In the hw, I stipulated a time dependence that does keep the adiabatic parameter constant (assuming the energy

- Considered motion of a charge in a uniform magnetic field growing in time. The adiabatic invariant is proportional
to the magnetic flux through the orbit. Now if the charge is instead in a time independent field, but moving into
a region of stronger field, it is repelled. We can see this in terms of the Lorentz force, but also from an effective
potential: using the adiabatic conservation law we expressed the kinetic energy perpendicular to the field in terms of the
field strength.

Tuesday, Nov. 29

Canonical transformations: One can change the phase space coordinates (q, p) to new coordinates (Q,P) and preserve
the form of Hamilton's equations. (Here the index i on different coordinates and momenta is implicit.)
If this coordinate change is time independent, the Hamiltonian is unchanged.
(With time dependence, the Hamiltonian is changed.) The condition of preserving the form of Hamilton's equations
turns out to be equivalent to the condition that all Poisson brackets are preserved: {f, g}q,p = {f,g}Q,P, where the subscripts
indicate which coordinates enter in the partial derivatives defining the Poisson bracket. In fact, this is equivalent to
the condition that {Q^i, Q^j}q,p = 0 = {P_i, P_j}q,p and {Q^i, P_j}q,p = δ^i_j. Equivalently, the roles of q, p and Q, P can
be reversed in this statement. Q,P satisfying this are said to be canonically conjugate.

Examples:

- Q = 5q, and P= p/5

- More generally, Q = Q(q), and P = p (∂q/∂Q).
This is the Hamiltonian version of an arbitrary change of generalized coordinate in the Lagrangian,

L(q, qdot) = L(q(Q), (∂q/∂Q) Qdot) .

In fact, P can be found directly from the definition of the canonical momentum:

P = ∂L/∂Qdot = (∂L/∂qdot) (∂q/∂Q) = p (∂q/∂Q).

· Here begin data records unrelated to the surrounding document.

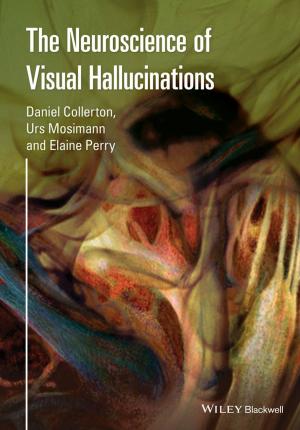 Cover of the book The Neuroscience of Visual Hallucinations by Jean-Pierre Ollivier, Jean-Michel Toorenti, Myriam Carcasses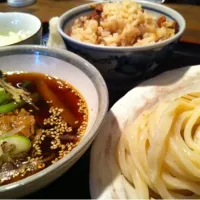 うどんとイカ飯|Kay Jayさん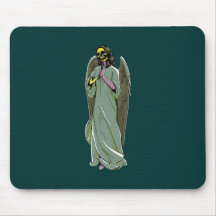 Todesengel angel death mauspads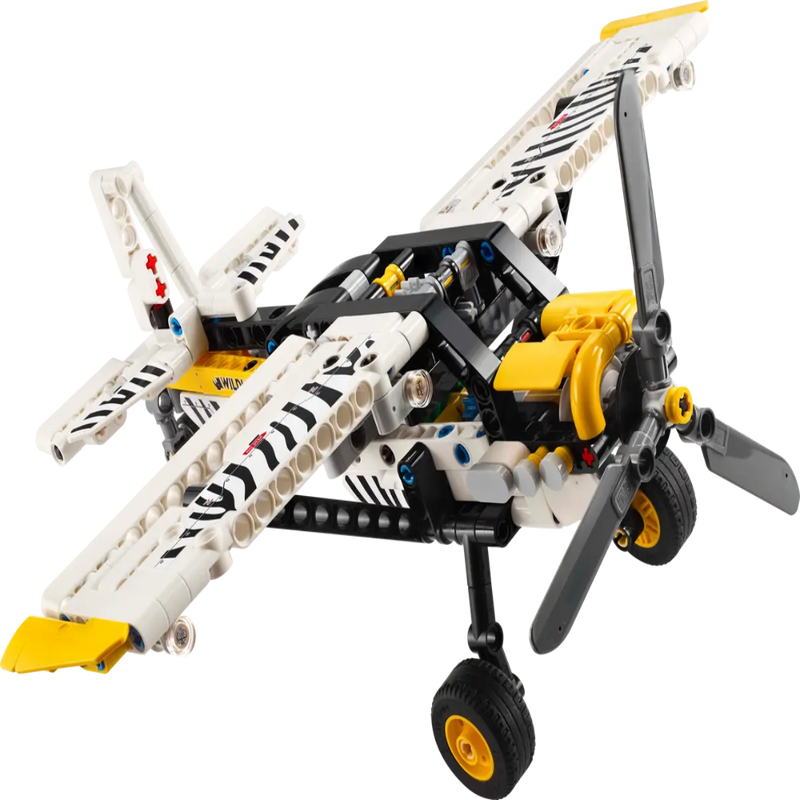 Lego 42198 Technic Bush Plane (333 Pieces)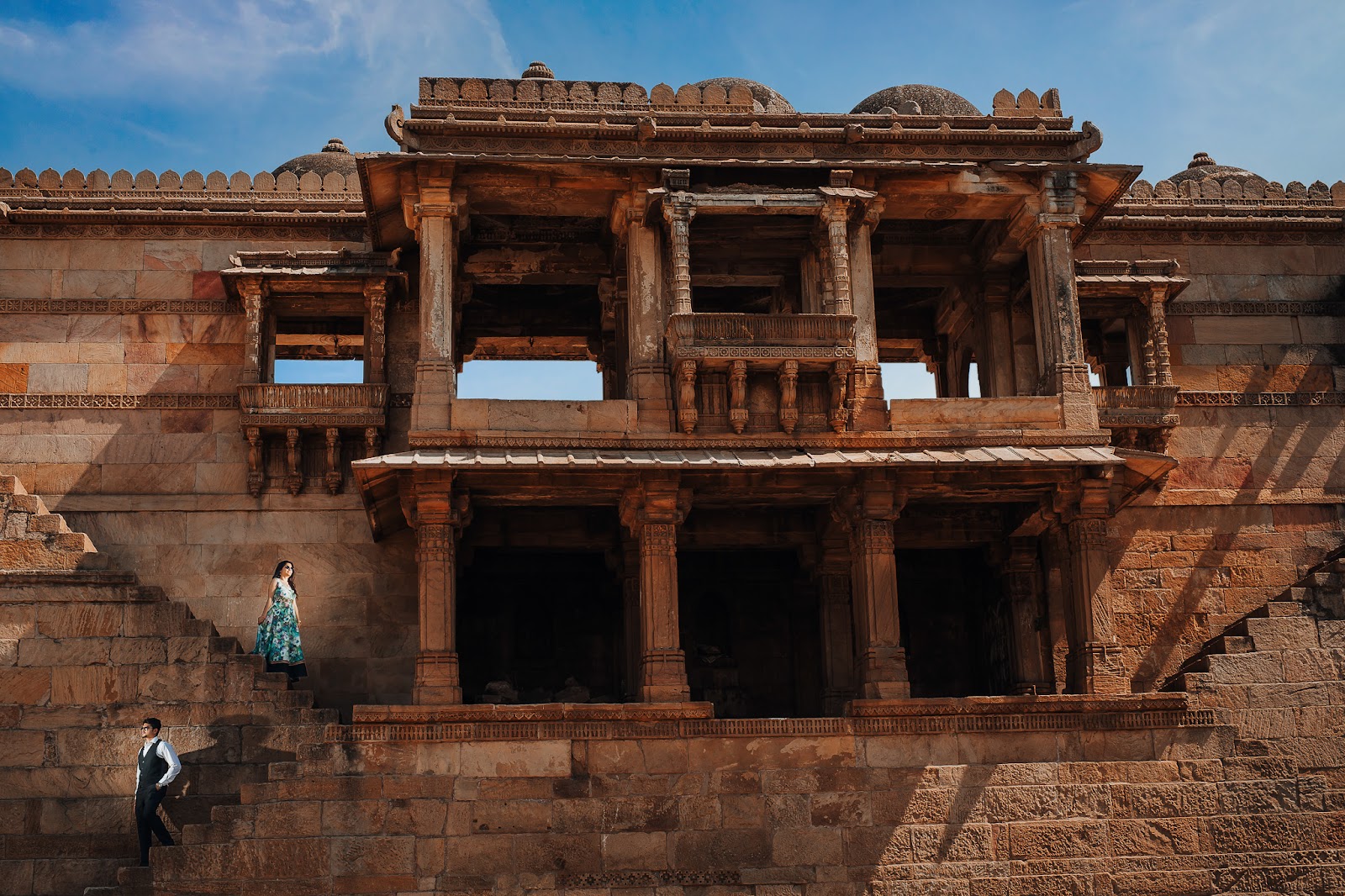 Nishant Disha Pre-Wedding Photography Couple India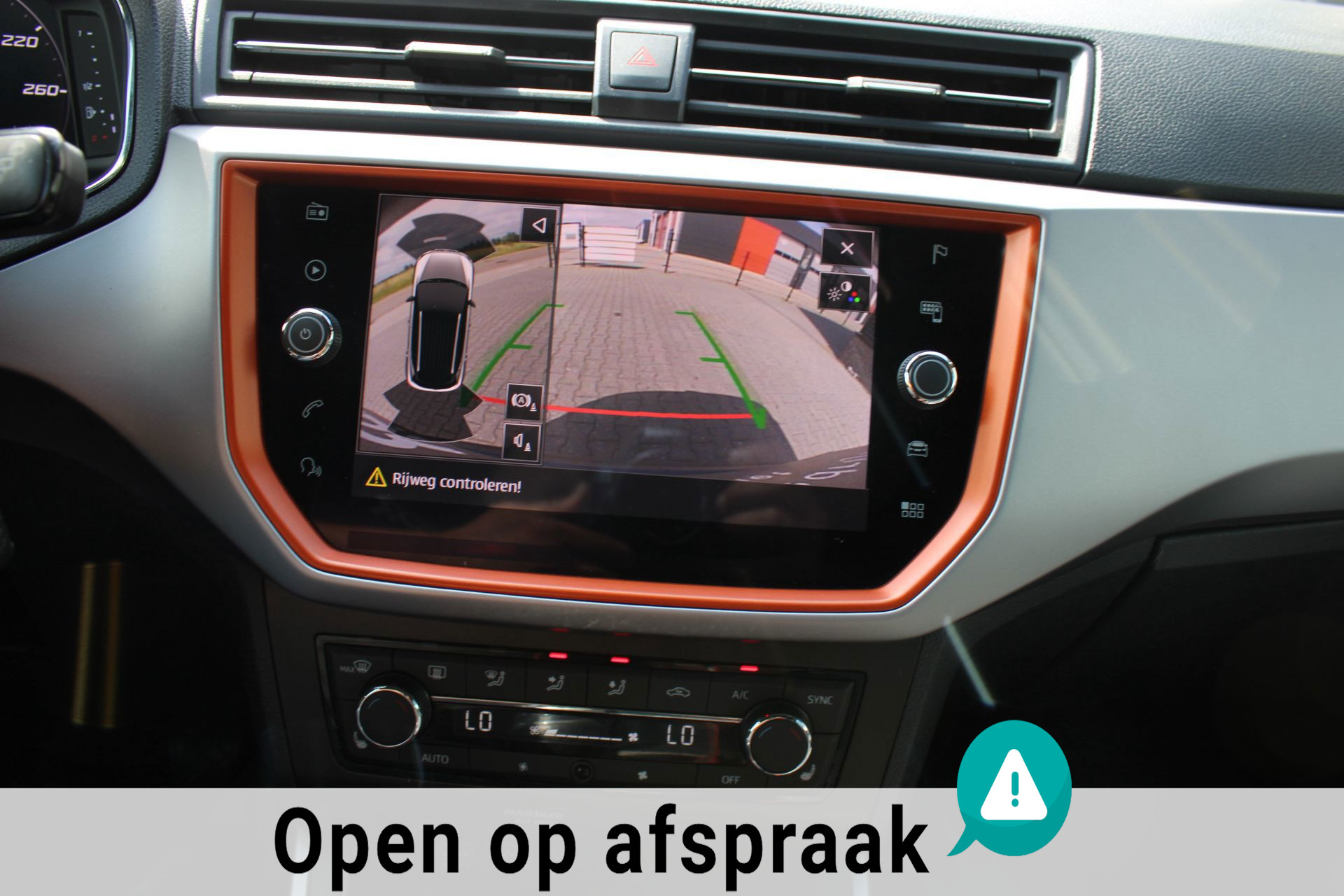Foto van Seat Arona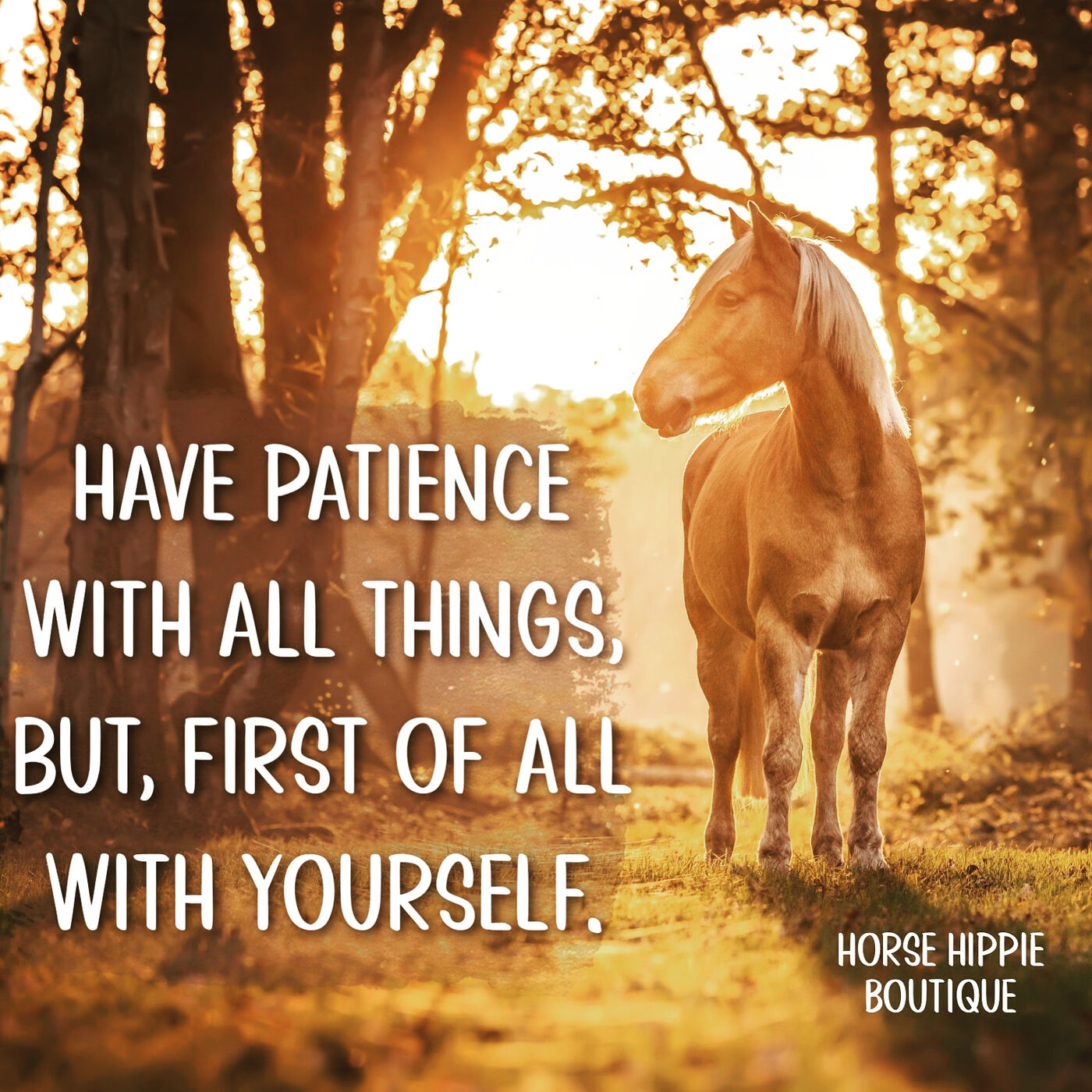 Patience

- Even more generally, the previous example works when there is more than one generalized coordinate, and ∂q/∂Q is replaced
by the Jacobian ∂q^i/∂Q^j.

- In the previous examples the new Q's depend only on the old q's, not on the old p's. A generalization of that is Q = p,  and p = -Q.

- A juicier example is to use the Hamiltonian itself as a coordinate. More specifically, consider a harmonic oscillator with Hamiltonian
H = p^2/2m + mw^2 x^2/2, and define I = H/w and theta = arctan(mwq/p) (which is the angle measured clockwise from the p axis
in units with m = w =1). Then {theta, I} = 1, so this coordinate change is a canonical transformation. Hamilton's equations take a
very simple form in these coordinates: H = wI, so dtheta/dt = ∂H/∂I = w, and dI/dt = -∂H/∂theta = 0.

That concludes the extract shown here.